TASK DIRECTIONS: Copy exactly the lines of the records below, and only those lines, beginning with the line that contains "Zircon For Women, Personalized" and ending with the line that contains "Chaqueta de ante de otoño para mujer".

DATA PROVIDED:
▼

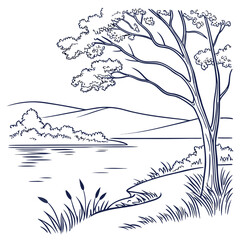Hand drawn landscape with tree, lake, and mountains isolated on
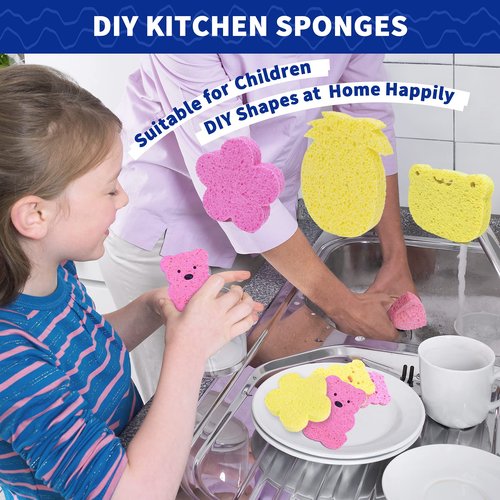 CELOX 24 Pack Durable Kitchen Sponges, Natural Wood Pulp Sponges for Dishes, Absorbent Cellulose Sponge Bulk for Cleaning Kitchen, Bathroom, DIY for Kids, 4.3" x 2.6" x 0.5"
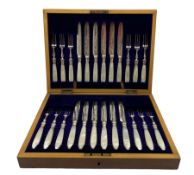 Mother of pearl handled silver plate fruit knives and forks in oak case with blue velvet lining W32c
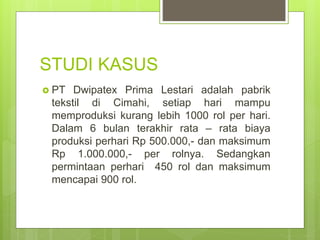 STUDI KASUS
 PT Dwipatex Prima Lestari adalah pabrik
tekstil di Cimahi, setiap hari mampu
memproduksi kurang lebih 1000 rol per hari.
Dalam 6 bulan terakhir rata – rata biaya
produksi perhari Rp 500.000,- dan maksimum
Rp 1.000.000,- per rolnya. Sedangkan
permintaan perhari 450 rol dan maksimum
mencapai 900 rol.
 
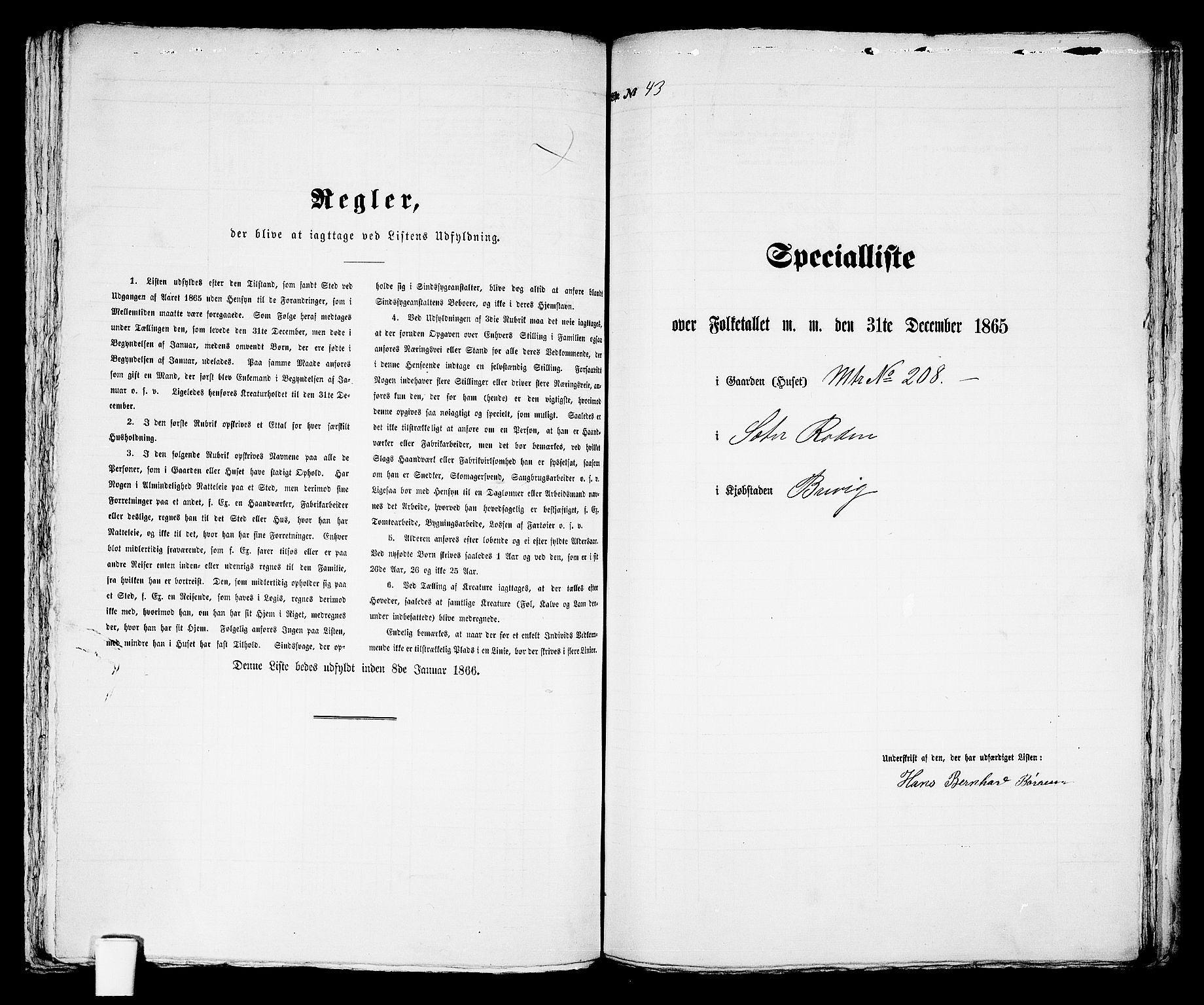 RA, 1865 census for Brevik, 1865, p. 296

▲
▼

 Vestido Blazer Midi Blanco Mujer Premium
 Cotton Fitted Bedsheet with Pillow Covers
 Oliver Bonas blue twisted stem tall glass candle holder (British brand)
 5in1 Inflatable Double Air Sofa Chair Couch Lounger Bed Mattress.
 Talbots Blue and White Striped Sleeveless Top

▲
▼

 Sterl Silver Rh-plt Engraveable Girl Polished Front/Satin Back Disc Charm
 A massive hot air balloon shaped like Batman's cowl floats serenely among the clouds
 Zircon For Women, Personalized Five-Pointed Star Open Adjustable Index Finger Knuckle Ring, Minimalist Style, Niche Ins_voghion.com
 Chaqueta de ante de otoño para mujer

▲

OUTPUT FOR THIS EXERCISE:
 Zircon For Women, Personalized Five-Pointed Star Open Adjustable Index Finger Knuckle Ring, Minimalist Style, Niche Ins_voghion.com
 Chaqueta de ante de otoño para mujer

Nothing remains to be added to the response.